Rodric Braithwaite, former chairman of Britain's joint intelligence committee, said of the prime minister's performance that "a junior partner who is taken for granted is a junior partner with no influence." To have influence, you must express opinions and national interests of your own, and indicate that on some issues you might break with the partner. It is no use playing Little Sir Echo.
This conduct was particularly odd from a prime minister said to be obsessed with winning a place in history. Blair remained faithful even after Donald Rumsfeld told him the United States didn't really need British troops, and after the Bush administration subverted his independent effort to work with the Palestinians and cut him (and everyone else) out of Middle Eastern road map implementation.
Now the prime minister is in trouble. It's charged that the decision to go to war was taken in Washington last fall and everything that followed was an expedient charade. London and Washington are accused of lying to get public support for the war and of faking evidence about Iraq's weapons of mass destruction.
Deputy Defense Secretary Paul Wolfowitz has given a candid and convincing explanation of how it began to the magazine Vanity Fair. Implicit in his account is that last year the Bush administration wanted to go to war but had no excuse for doing so. The bureaucracies were called together and told to find an excuse. The core causus belli they could agree on was Iraqi possession of weapons of mass destruction. That settled, it became the government's virtual reality that the weapons existed--even if the CIA and the UN had not found them.
The mighty Wurlitzer of American policy, persuasion, and the press was put to work to persuade the public and the world of the reality of this threat, so that America could go to war. Britain's modest harmonium joined in. The prime minister proudly furnished Washington with two dossiers of evidence on Iraqi weapons that subsequently proved very dodgy.

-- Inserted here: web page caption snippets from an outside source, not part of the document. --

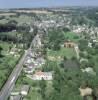 Photos aériennes de "verdure" - Photo réf. 17351 - Vue d'ensemble d'une commune au coeur de la verdure.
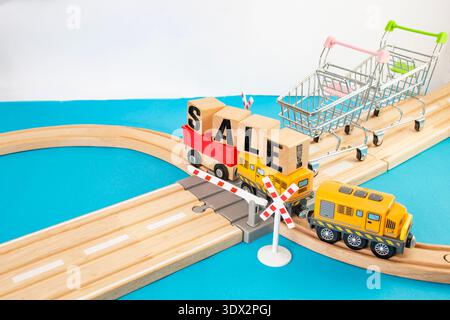 Deux chariots attendant sur un passage à niveau ferroviaire avec un train de jouets transportant des cubes en bois avec mot de vente écrit, concept commercial Banque D'Images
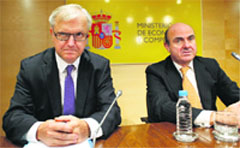 Spanish Economy Minister Luis de Guindos (R) and EU Economic & Monetary Affairs Commissioner Olli Rehn at a news conference in Madrid on Monday. European aid for Spain's troubled banks is expected to arrive in November, Rehn said, while urging the country to stick to its calendar of ambitious economic reforms.  Reuters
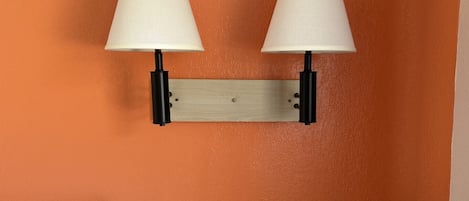 A wall-mounted lamp with two white lampshades and a wooden panel.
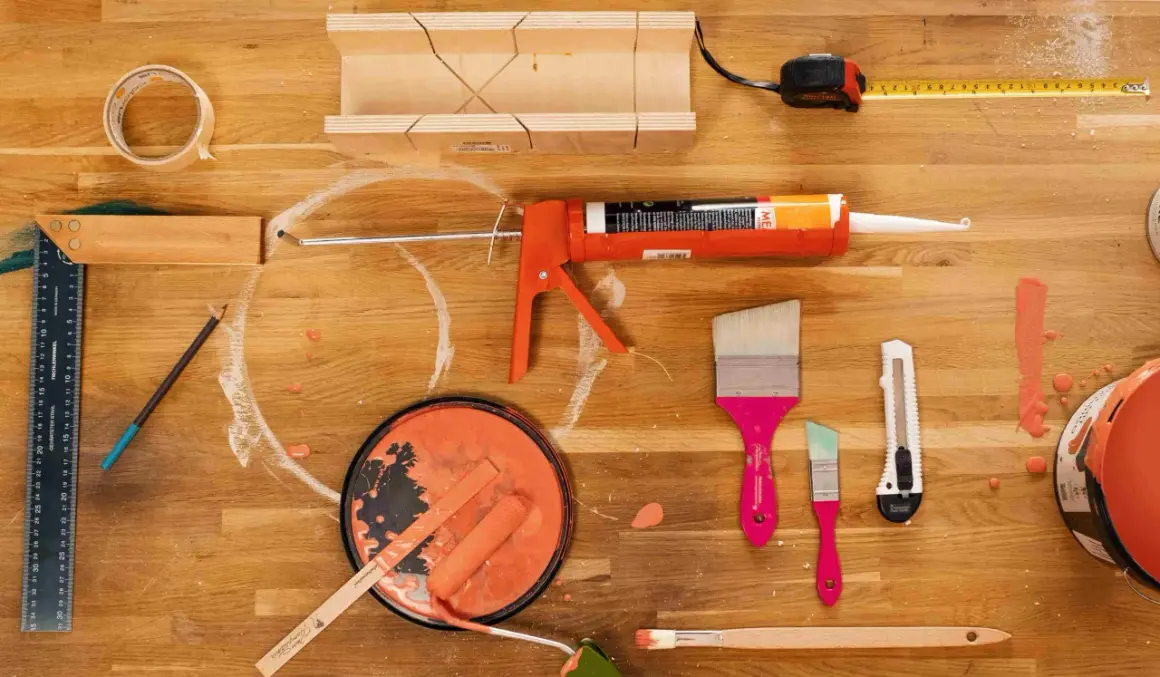 Un tableau peinture acrylique sur bois, prêt pour un projet de bricolage. Pinceaux, rouleau, pot de peinture orange, pistolet à mastic, ruban adhésif, mètre et équerre sont disposés sur un plan de travail en bois.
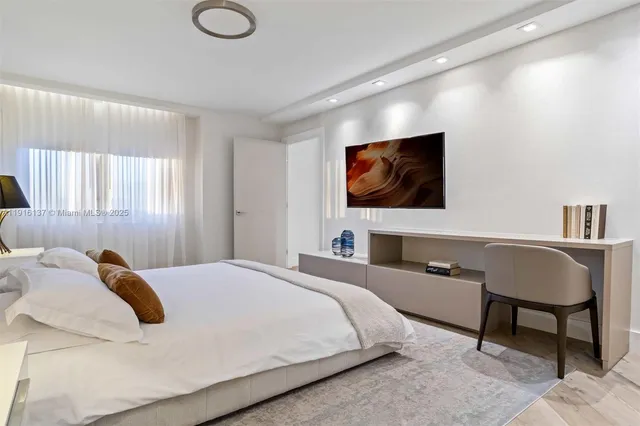 a kitchen with a sink cabinets and window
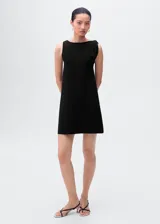 Vestido corto negro de corte recto y diseño minimalista, con cuello barco y tirantes asimétricos.
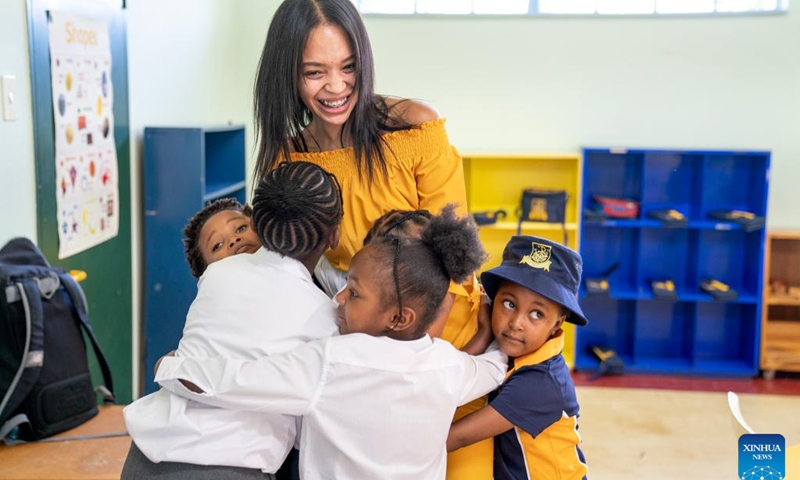 Students hug their teacher on the first day of a new semester at a school in Johannesburg, South Africa, Jan. 11, 2023. Schools in Johannesburg started a new semester this week.(Photo: Xinhua)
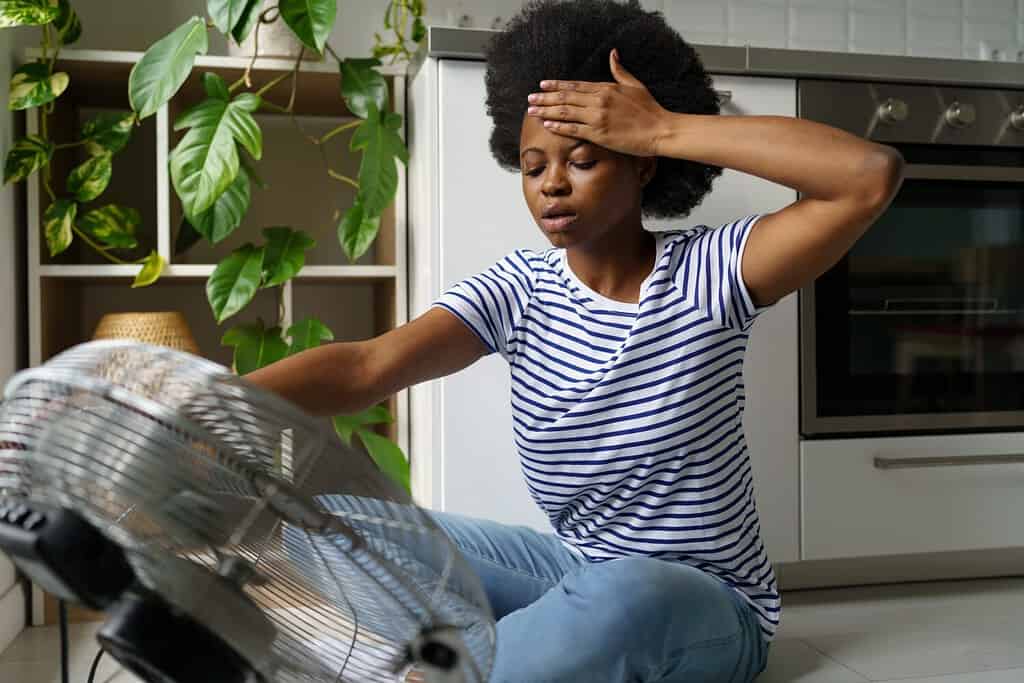 Unhappy African woman touching forehead having hot flashes using electric fan to cool off, overheated black female sitting in front of air cooler at home, surviving heatwave without air conditioning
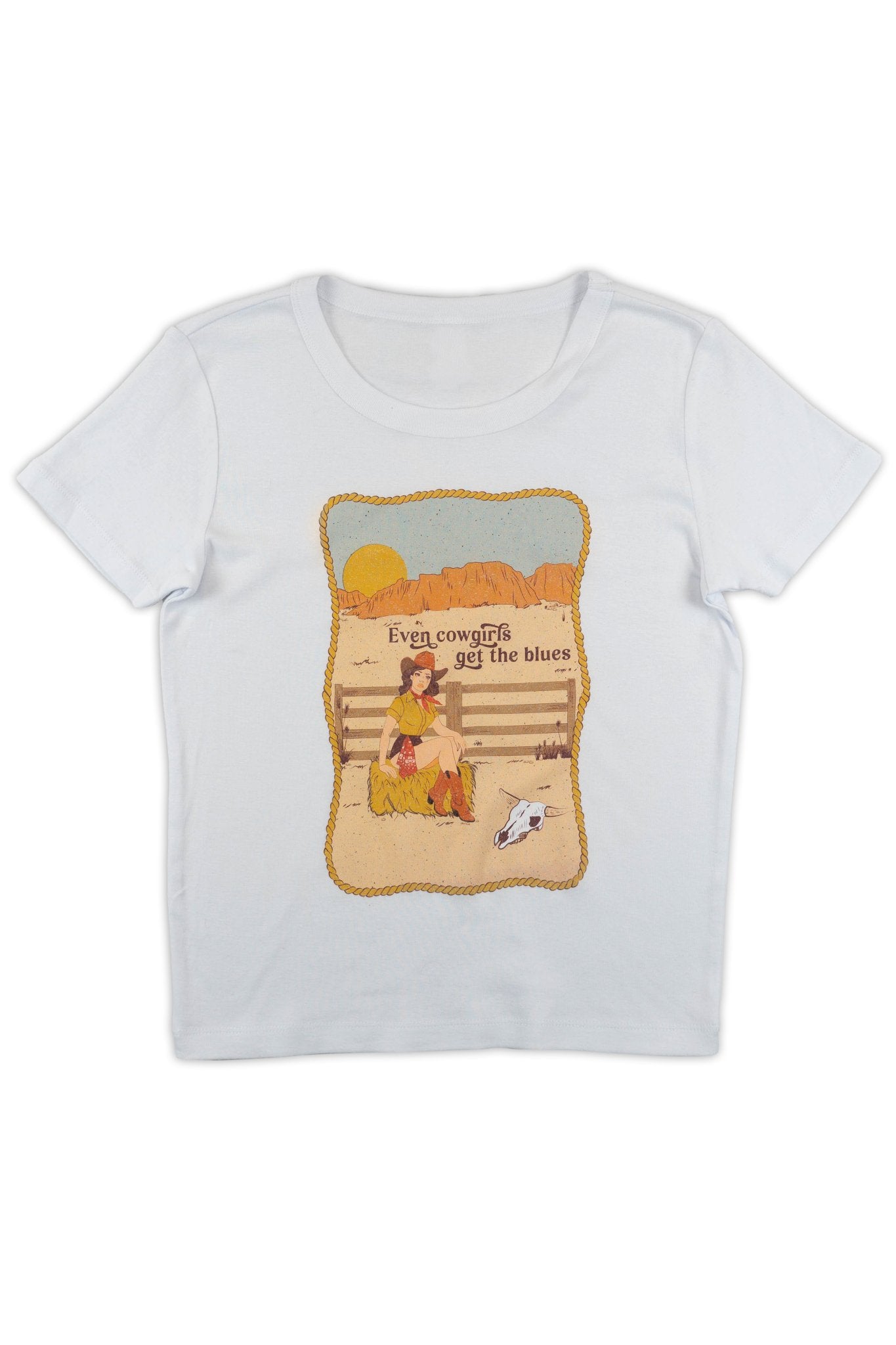White t-shirt with a graphic design of a girl cryng by a fence with text that reads "Even Cowgirls get the blues" on a white background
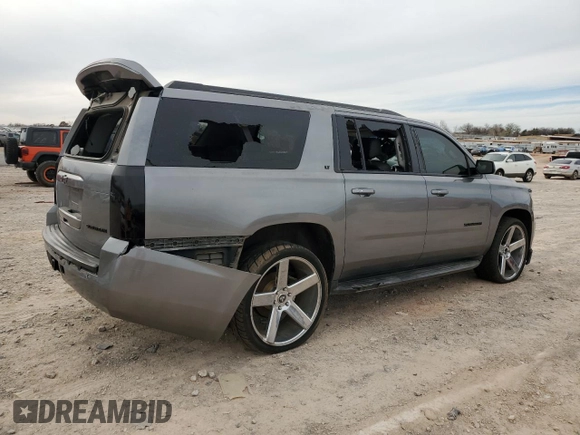 2015 Chevrolet Suburban LT with VIN 1GNSCJKC4FR263844, listed as a Copart auction lot 49231755 with Not provided miles and Salvage title. Bid and sale history available at DreamBid. Image 3.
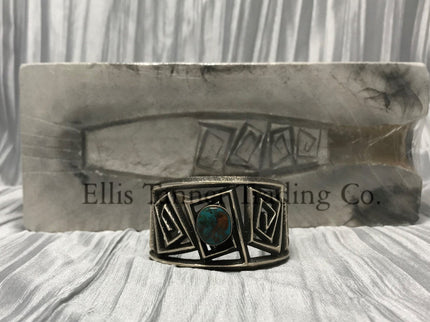 A silver Cuff with a rough silver square maze cutout. In the center is a round Royston Turquoise stone.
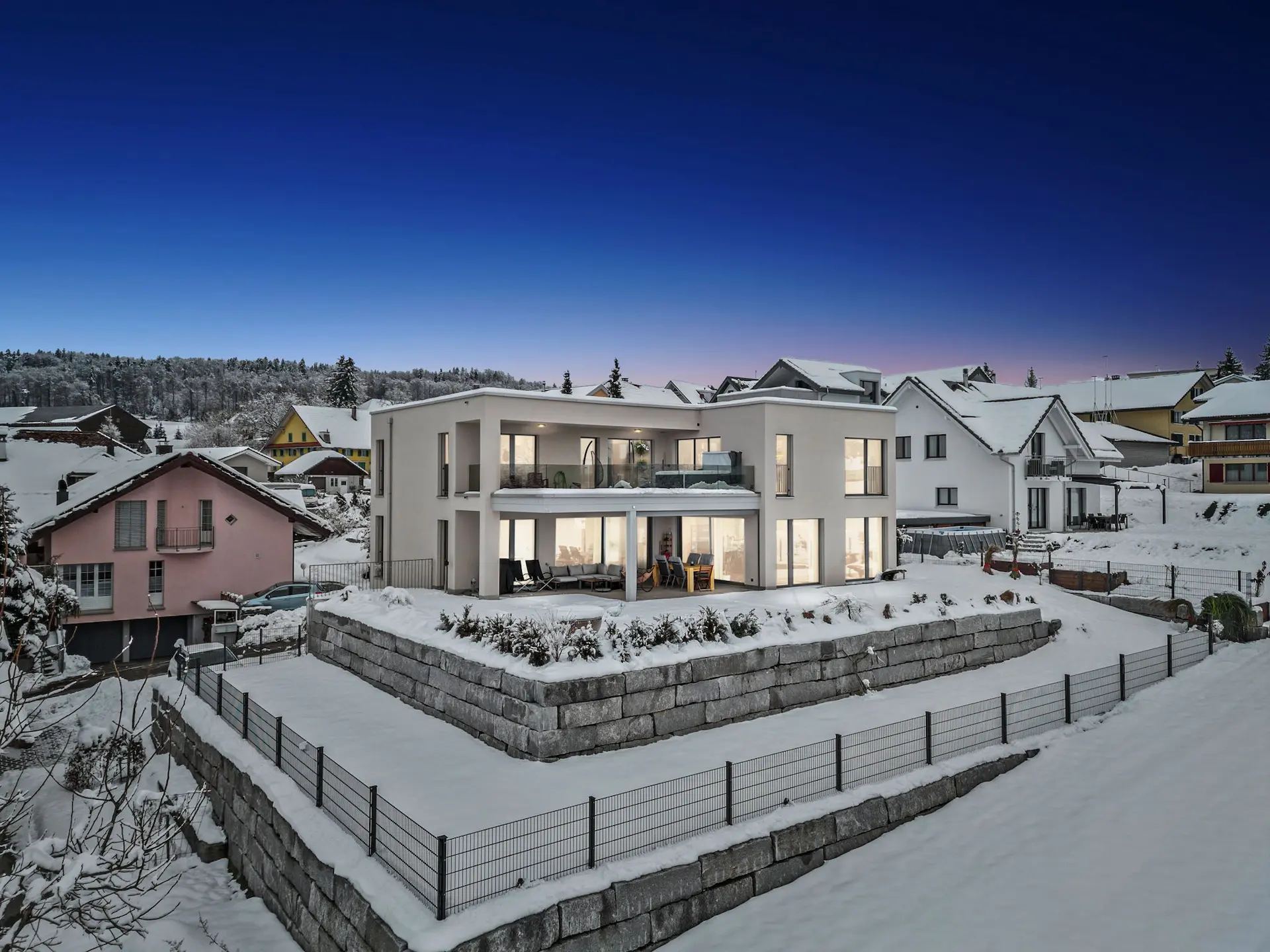 Gesamtansicht der Immobilie bei winterlicher Abendstimmung mit verschneitem Garten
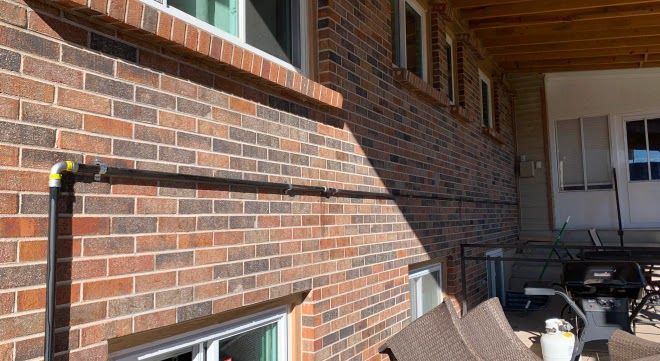 A brick building with a patio area and chairs in front of it.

When the war was over, the coalition's failure to find the weapons had to be explained. First it was said that the weapons had been smuggled to Syria. Then Secretary Rumsfeld suggested that none exist, that they were destroyed before the war and all evidence buried. Then he reversed himself and said they do exist, still are there, and will be found. The U.S. military command in Iraq said the search may take several years because it is a big country. President Bush went back into virtual-reality mode and told Polish television: "We found the weapons of mass destruction." He was followed by Secretary of State Colin Powell who expressed confidence that the weapons will eventually be found, and Prime Minister Blair who said that the coalition had simply been too busy to look for the weapons.
In the United States, few seemed to care at first, thinking that the war had been a splendid little affair. Congress has now interested itself in what the Senate and public had been told, however, and there is growing support for hearings to be held by the Senate's Armed Services Committee, as well as the Intelligence Committees in both the House and the Senate.
Actually, there is not much pretense about what happened. Speaking by way of retired officers, the intelligence community says that Donald Rumsfeld's Defense Department cut the CIA out of the planning loop and substituted tendentious material coming from exile groups and prowar Washington think tanks.
Britain used to have higher standards, and has a much more aggressive press corps and television. Prime Minister Blair's government has a reputation for "spinning" its public relations, but not for the barefaced lie. The prime minister himself has the reputation of a decent man.
His former foreign secretary, Robin Cook, has now demanded an independent inquiry. The House of Commons Foreign Relations Committee has announced that it will hold an inquiry into Britain's decision and will likely investigate whether Downing Street's own flacks and handlers clumsily "improved" the material they had been given by MI6 before furnishing it to Washington. A final report will likely be made to the prime minister's office rather than to Parliament. Such discretion, however, may not be possible if the American hearings stir trouble in Washington (and on television). Prime Minister Blair may come to regret having been so reliable an American partner.